The tribunal assembled in Paris on January 25, 1899. After various and necessary adjournments, it began the formal consideration of the case on June 15. After seven weeks of painstaking toil, in which the story of Spain’s earliest search for the gold of the West, the terms of the treaty of Münster, the law and practice of nations in respect to discovery, occupation, and settlement, and an intolerable mass and multitude of documentary and legal details pertaining to each and all of these matters, had been minutely examined and expounded for the information, but certainly not the edification, of the five learned jurists sitting in judgment in the case, the evidence of nervous strain and irritation to which I have referred in the beginning of this article was apparent. On the forty-seventh day Sir Richard Webster sarcastically invited the attention of ex-President Harrison to certain comments of Sir Travers Twiss on the Oregon case. “I had read Twiss on the Oregon case through long before I had the privilege of seeing you,” replied Mr.
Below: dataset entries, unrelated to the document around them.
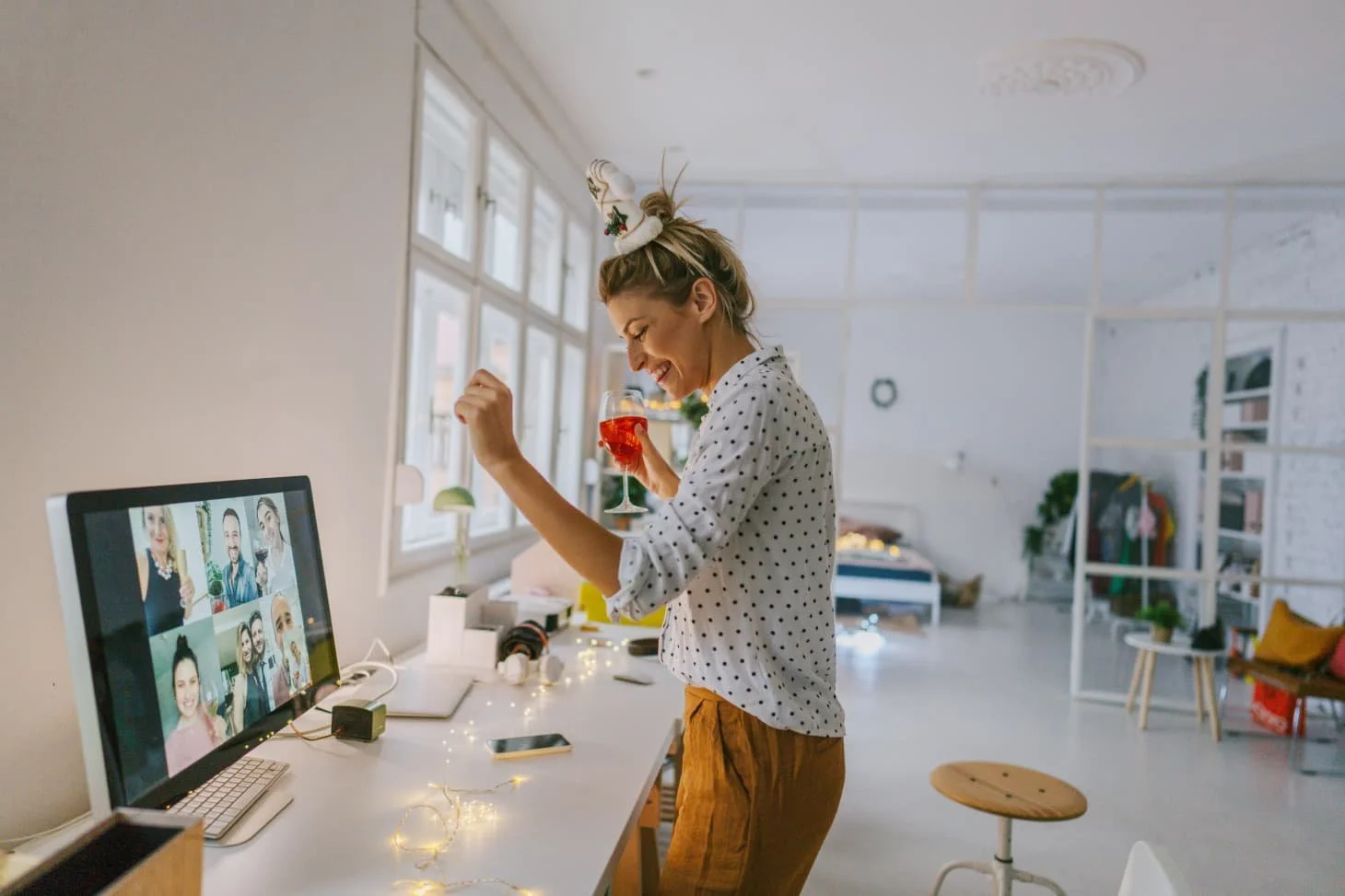 A woman wearing a party hat stands in front of a computer screen and cheers. On the screen is shown a virtual meeting software with multiple people in the call.
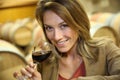 Young woman tasting red wine in wine cellar Royalty Free Stock Photo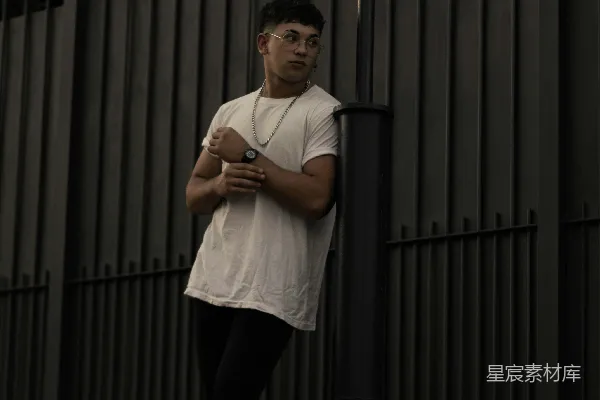 白tee衫和黑色裤子的男人站在灰钢门旁边挺直身子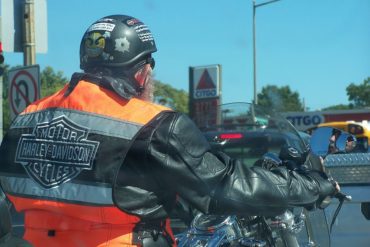 Rider on motorcycle wearing Harley vest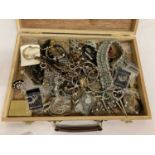 A wooden box containing a quantity of vintage and modern costume jewellery to include diamante.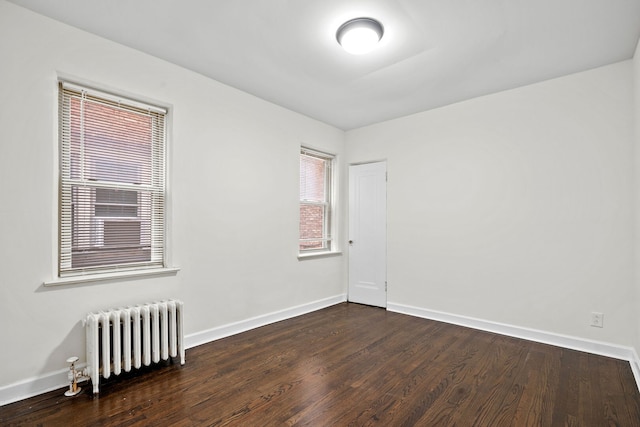 spare room featuring baseboards, radiator heating unit, and wood finished floors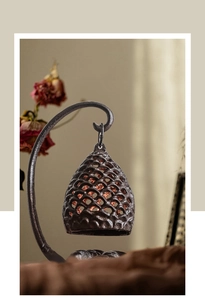 Détail d'une lanterne en fonte vintage avec motif grillagé sur un support élégant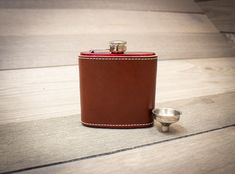 a brown leather flask with a silver cup next to it on a wooden floor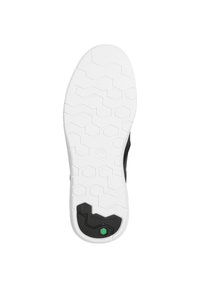 Black and white sneaker sole with a hexagonal pattern, featuring a green accent and textured grip for traction.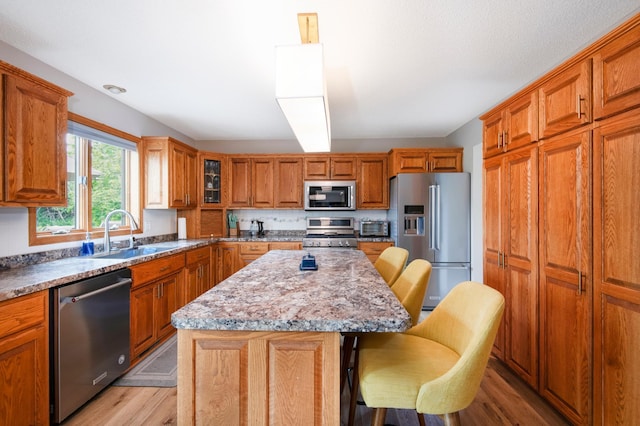 2806 Jasmine Ct, Saint Cloud, MN 56301 - kitchen with appliances with stainless steel finishes, a sink, light wood-style floors, a breakfast bar area, and a kitchen island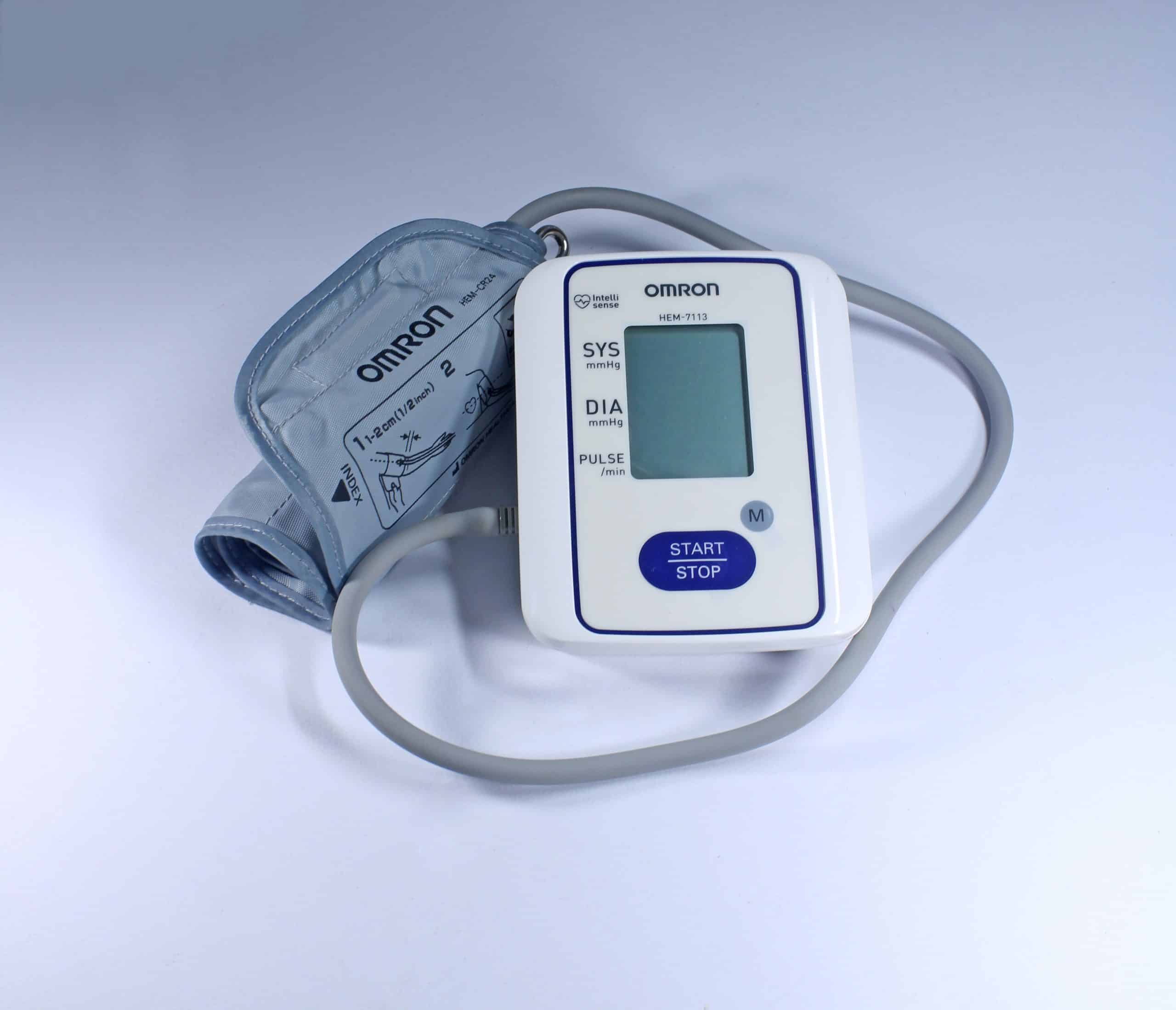 omron brand blood pressure monitor with cuff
Harrison. “This investigation has been long and wearisome,” said General Tracy, but he reminded the tribunal that it involved the “investigation of four hundred years of history.” And on the fiftieth day Mr. Harrison, in closing his argument, said: “Counsel who addresses this tribunal comes to his work in a frame of weariness of mind and body, and he addresses judges who are weary.”
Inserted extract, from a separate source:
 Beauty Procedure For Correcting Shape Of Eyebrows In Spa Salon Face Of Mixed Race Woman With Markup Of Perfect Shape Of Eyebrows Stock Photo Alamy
It was on the fifty-sixth day that the tribunal announced its award. The true divisional line, as determined by the unanimous decision of the five jurists, gave sanction, as has been said, to the extreme pretensions of neither party. A large area west of the Essequibo River, to which Venezuela, without warrant, had laid claim, was held to be British territory; but, on the other hand, valuable tracts within the Schomburgk Line were awarded to Venezuela, the most important being the region of which the coast-line runs from Barima Point, at the mouth of the Orinoco, to Point Playa. The confirmation of the title to this territory, as to which Great Britain had firmly refused arbitration, gave Venezuela exclusive control of the mouth of her great river and of both its banks. The vast area, including the rich gold-mines, which Great Britain had belted about by the audacious westward extension of her claims, went altogether to Venezuela.
From London “Punch” for December 28, 1895
“THE COMPLIMENTS OF THE SEASON!!”
PRESIDENT CLEVELAND: “Waal, Salisbury, sir, whether you like it or not, we propose to arbitrate on this matter ourselves, and, in that event, we shall abide by our own decision.”